WHAT THE TASK ASKS.
Return the run of lines below that opens with the line containing "score_9, score_8_up, score_7_up, score_6_up" and closes with the line containing "RE5Sheva, 1girl, black", keeping each one exact.

GIVEN RECORDS.
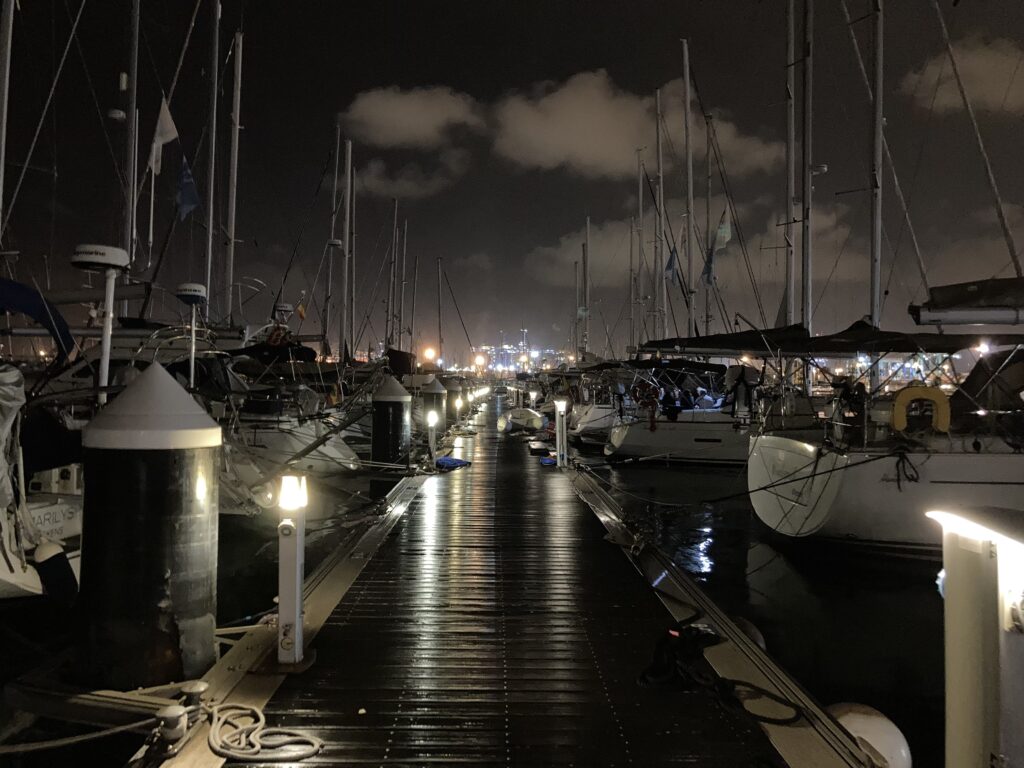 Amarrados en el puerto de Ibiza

--

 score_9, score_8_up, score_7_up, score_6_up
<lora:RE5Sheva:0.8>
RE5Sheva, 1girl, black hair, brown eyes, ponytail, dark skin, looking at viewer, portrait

...

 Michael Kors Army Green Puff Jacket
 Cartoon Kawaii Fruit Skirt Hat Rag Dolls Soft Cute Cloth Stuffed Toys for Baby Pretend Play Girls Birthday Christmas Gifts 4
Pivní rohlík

RESPONSE BOX.
 score_9, score_8_up, score_7_up, score_6_up
<lora:RE5Sheva:0.8>
RE5Sheva, 1girl, black hair, brown eyes, ponytail, dark skin, looking at viewer, portrait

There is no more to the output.